Start of Dataset records
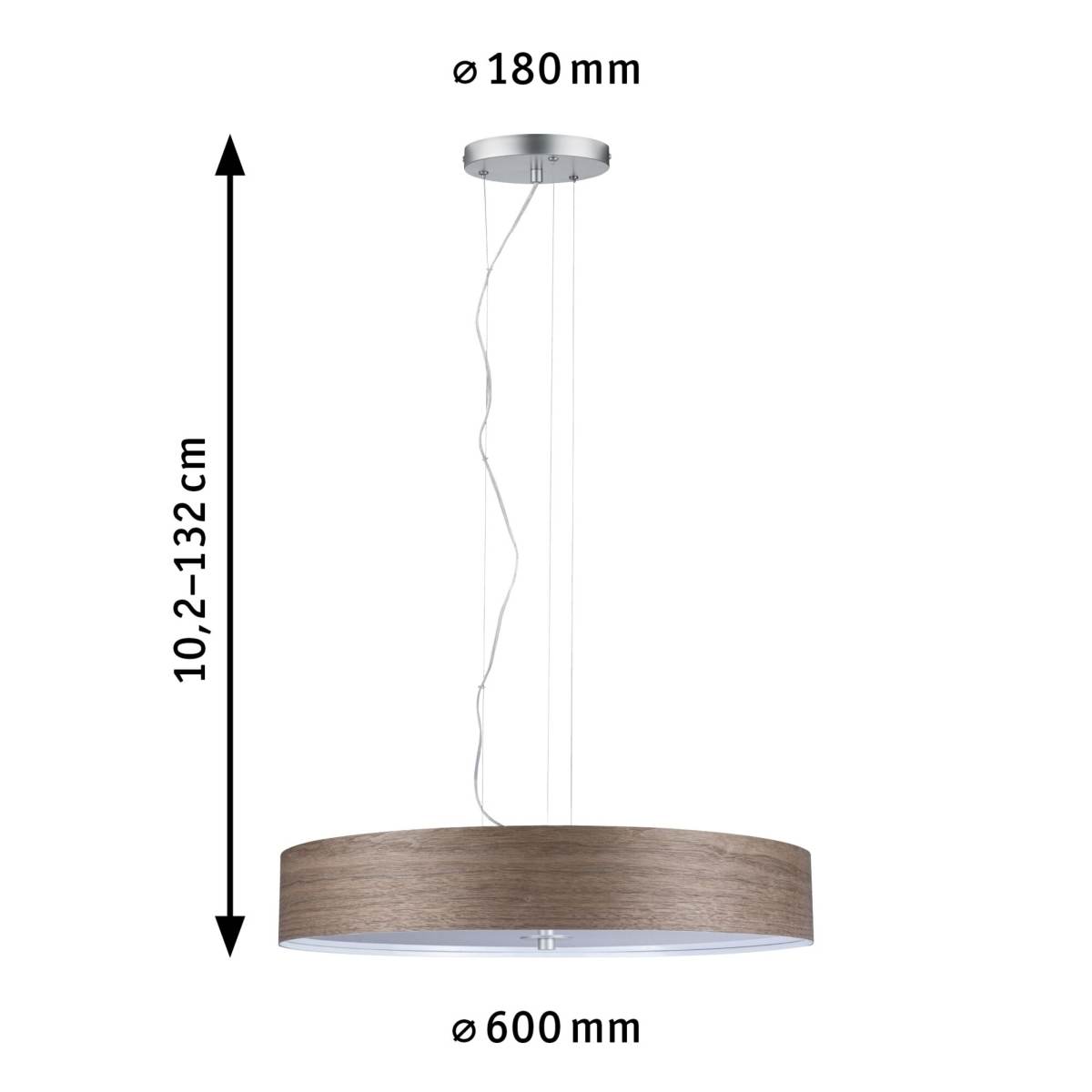 Paulmann Pendelleuchte Neordic Liska 3 flammig, E27, 3 x 20W, Ø 600 mm, Holz dunkel |Chrom matt Produktabbildung 5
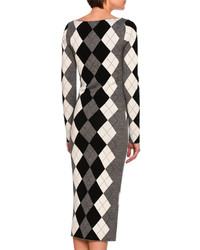 Stella McCartney Long Sleeve Argyle Knit Sweaterdress Gray Pattern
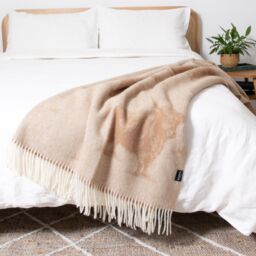 Native Natural Highland Cow Beige Wool Blanket - Size: Large - thumbnail 2
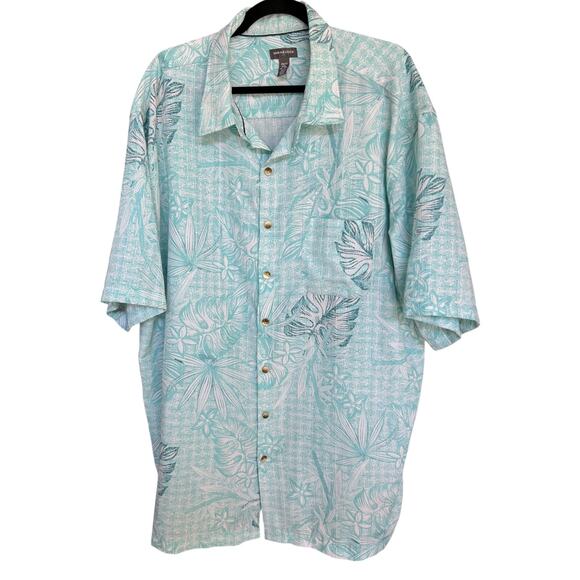 Van Heusen Air Men's Palm Frond Hawaiian Floral Short Sleeve Shirt Size 2XLT - Picture 2 of 5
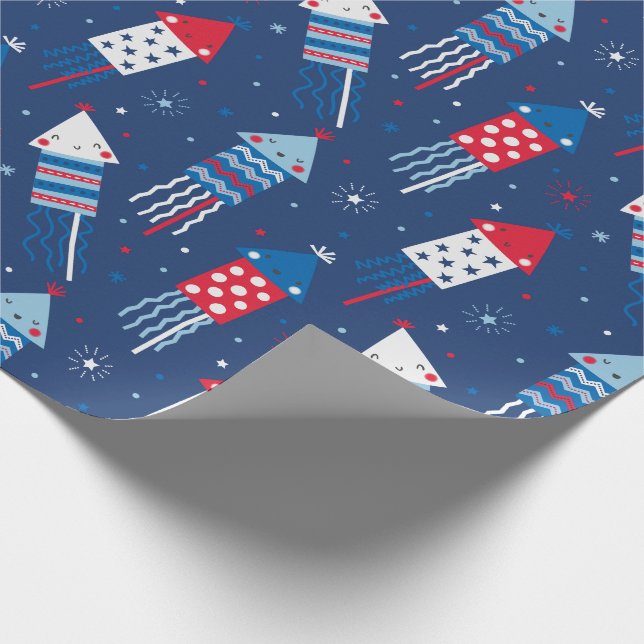 Papel De Presente Cute 4 de julho Fireworks vermelho branco azul (Ponta)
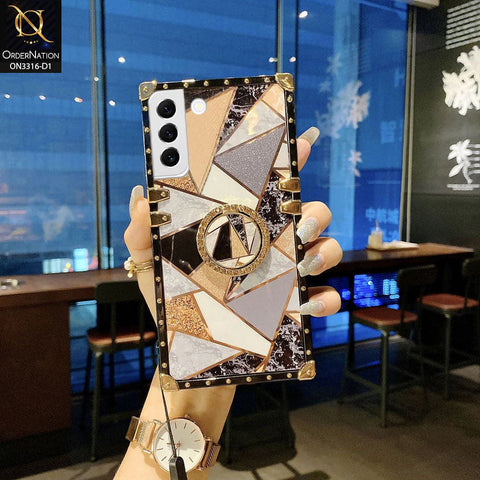 Samsung Galaxy S21 Plus 5G Cover - Design 1 - Smart Mosaic Marble and Glitter Trunk Style Soft Case Without Strap
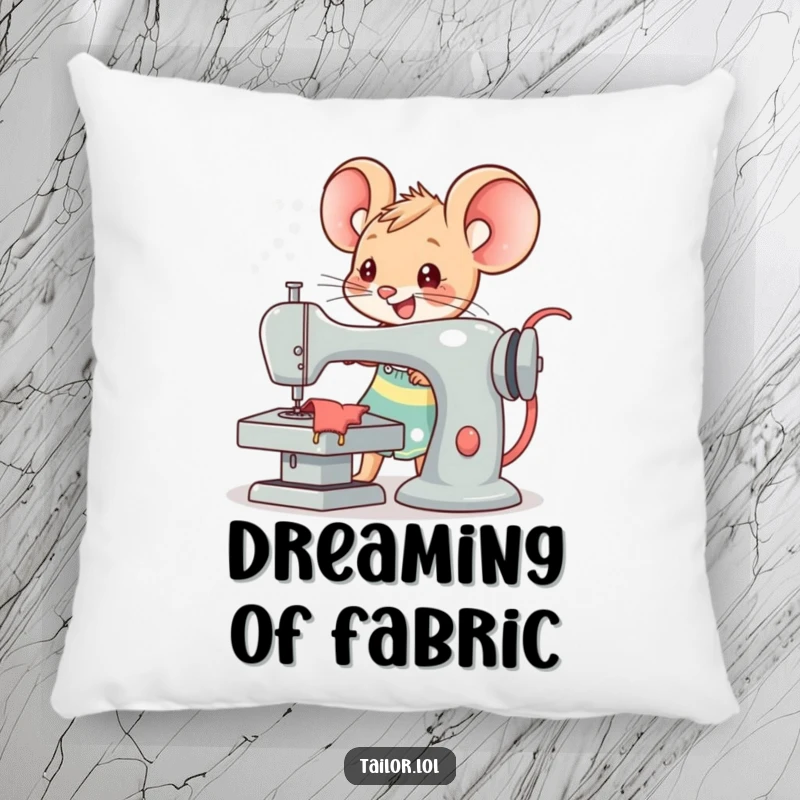 Funny Kawaii mouse tailor character joyfully operating an oversized sewing machine, a soft and humorous pillow for sewing enthusiasts.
End of Dataset records
Required work: Beginning at the line that contains "Stella McCartney Long", copy each remaining line of the records exactly, through the final one. Omit the pictures.

Task output:
 Stella McCartney Long Sleeve Argyle Knit Sweaterdress Gray Pattern
 Native Natural Highland Cow Beige Wool Blanket - Size: Large - thumbnail 2
 Van Heusen Air Men's Palm Frond Hawaiian Floral Short Sleeve Shirt Size 2XLT - Picture 2 of 5
 Papel De Presente Cute 4 de julho Fireworks vermelho branco azul (Ponta)
 Samsung Galaxy S21 Plus 5G Cover - Design 1 - Smart Mosaic Marble and Glitter Trunk Style Soft Case Without Strap
 Funny Kawaii mouse tailor character joyfully operating an oversized sewing machine, a soft and humorous pillow for sewing enthusiasts.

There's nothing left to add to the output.